There is a survey of the NIEP (by Egleston, Lenker and Narayan) at http://dx.doi.org/10.1016/j.laa.2003.10.019. This cites Suleĭmanova but immediately says that a simple proof of her main result was subsequently given by Perfect (http://dx.doi.org/10.1215/S0012-7094-53-02040-7). Note that this is a different paper by Perfect than the one mentioned by Misha. I presume that people decided that Suleĭmanova's work was hard to get hold of and/or not reliable, but that the results that they needed had been proved properly by Perfect. Given this, the line of least resistance is to cite both Suleĭmanova and Perfect, but in practice rely on Perfect only. That's not ideal, but it's easy to see why people do it.

• Or should we say "That's not perfect"? – Anthony Quas Dec 13 '16 at 12:51

A multi-set of real numbers $\Lambda = \{\lambda_1,\dots,\lambda_n\}$ is called a Suleĭmanova spectrum if $\Lambda$ contains one positive element and $\sum_{i=1}^n \lambda_i \geq 0$.

Suleĭmanova [Doklady Akad. Nauk SSSR (N.S.) 66, 343–345 (1949); MR0030496] loosely proved that every such set is realizable, i.e., that it is the spectrum of an $n$-by-$n$ nonnegative matrix.

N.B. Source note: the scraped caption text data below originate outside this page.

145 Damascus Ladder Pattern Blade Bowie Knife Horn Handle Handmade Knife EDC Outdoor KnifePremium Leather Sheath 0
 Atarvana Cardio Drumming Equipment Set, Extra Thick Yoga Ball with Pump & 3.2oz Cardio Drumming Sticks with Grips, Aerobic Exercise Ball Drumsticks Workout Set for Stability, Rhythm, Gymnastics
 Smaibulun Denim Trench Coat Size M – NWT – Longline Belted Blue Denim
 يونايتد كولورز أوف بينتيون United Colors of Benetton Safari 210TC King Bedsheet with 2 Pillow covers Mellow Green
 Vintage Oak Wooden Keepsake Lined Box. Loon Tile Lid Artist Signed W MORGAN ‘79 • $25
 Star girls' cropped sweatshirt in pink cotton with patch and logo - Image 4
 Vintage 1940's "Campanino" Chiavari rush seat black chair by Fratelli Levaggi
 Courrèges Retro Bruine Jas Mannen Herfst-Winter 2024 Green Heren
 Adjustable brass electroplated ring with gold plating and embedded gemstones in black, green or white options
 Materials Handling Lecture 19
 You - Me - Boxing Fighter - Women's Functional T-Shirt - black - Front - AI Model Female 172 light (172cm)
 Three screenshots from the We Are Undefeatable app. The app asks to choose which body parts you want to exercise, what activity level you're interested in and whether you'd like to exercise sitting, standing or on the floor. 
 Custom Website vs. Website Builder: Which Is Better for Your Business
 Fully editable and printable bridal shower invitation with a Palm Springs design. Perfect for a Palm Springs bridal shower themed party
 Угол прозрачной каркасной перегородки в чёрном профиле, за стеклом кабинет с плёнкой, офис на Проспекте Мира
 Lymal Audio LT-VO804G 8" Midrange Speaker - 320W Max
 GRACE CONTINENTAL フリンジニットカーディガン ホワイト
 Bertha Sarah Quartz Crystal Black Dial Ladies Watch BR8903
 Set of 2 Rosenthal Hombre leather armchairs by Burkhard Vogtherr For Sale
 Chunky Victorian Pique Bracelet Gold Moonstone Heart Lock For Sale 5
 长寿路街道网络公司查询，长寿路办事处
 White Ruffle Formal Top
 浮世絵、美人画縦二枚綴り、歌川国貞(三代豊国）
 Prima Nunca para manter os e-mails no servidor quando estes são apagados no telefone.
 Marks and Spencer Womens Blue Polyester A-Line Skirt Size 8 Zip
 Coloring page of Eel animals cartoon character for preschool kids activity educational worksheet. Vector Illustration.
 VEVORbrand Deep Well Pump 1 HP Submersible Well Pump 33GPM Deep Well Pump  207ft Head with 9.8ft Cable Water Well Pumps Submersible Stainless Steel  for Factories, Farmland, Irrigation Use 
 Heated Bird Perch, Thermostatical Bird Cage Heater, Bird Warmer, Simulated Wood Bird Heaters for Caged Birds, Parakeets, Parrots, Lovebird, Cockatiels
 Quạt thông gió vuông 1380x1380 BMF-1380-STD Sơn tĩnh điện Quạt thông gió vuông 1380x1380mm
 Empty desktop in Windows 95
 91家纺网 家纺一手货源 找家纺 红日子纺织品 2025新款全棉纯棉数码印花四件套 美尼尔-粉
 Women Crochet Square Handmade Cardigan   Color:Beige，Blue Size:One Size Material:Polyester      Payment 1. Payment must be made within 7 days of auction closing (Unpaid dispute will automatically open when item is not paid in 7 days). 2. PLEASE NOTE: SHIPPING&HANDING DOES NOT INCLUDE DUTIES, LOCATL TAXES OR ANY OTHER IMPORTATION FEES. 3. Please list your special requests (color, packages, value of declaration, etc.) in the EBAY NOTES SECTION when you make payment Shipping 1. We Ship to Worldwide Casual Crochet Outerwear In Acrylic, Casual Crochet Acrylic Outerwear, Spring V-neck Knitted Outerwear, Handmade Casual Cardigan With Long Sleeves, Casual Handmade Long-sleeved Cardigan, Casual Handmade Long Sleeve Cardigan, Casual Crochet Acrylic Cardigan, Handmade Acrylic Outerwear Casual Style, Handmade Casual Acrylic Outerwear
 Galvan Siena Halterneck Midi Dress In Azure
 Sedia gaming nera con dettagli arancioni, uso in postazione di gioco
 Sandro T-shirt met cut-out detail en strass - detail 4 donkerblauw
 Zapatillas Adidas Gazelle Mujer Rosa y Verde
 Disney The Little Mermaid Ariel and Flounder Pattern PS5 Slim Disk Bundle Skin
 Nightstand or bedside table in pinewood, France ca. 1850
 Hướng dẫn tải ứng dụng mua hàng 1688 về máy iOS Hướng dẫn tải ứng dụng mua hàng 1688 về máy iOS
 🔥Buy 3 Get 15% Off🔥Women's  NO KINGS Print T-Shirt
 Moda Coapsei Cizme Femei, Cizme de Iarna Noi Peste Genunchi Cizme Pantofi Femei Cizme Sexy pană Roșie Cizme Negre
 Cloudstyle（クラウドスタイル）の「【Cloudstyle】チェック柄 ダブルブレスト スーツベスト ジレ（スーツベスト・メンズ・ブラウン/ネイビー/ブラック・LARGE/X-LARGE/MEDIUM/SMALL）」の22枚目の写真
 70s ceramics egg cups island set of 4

Appendix B of Joanne Swift's 1972 master's thesis Location of the Characteristic Roots of Stochastic Matrices at McGill University contains an English translation of Suleĭmanova's seminal paper.

Friedland [Israel J. Math. 29, no. 1, 43–60 (1978); MR0492634] and Perfect [Duke Math. J. 20, 395–404 (1953); MR0055969] proved Suleĭmanova's result via companion matrices. However, constructing the companion matrix of a Suleĭmanova spectrum is computationally prohibitive. Recently, I gave a constructive proof of Suleĭmanova's result [Electron. J. Linear Algebra 31, 306–312 (2016); MR3504411] using permutative matrices.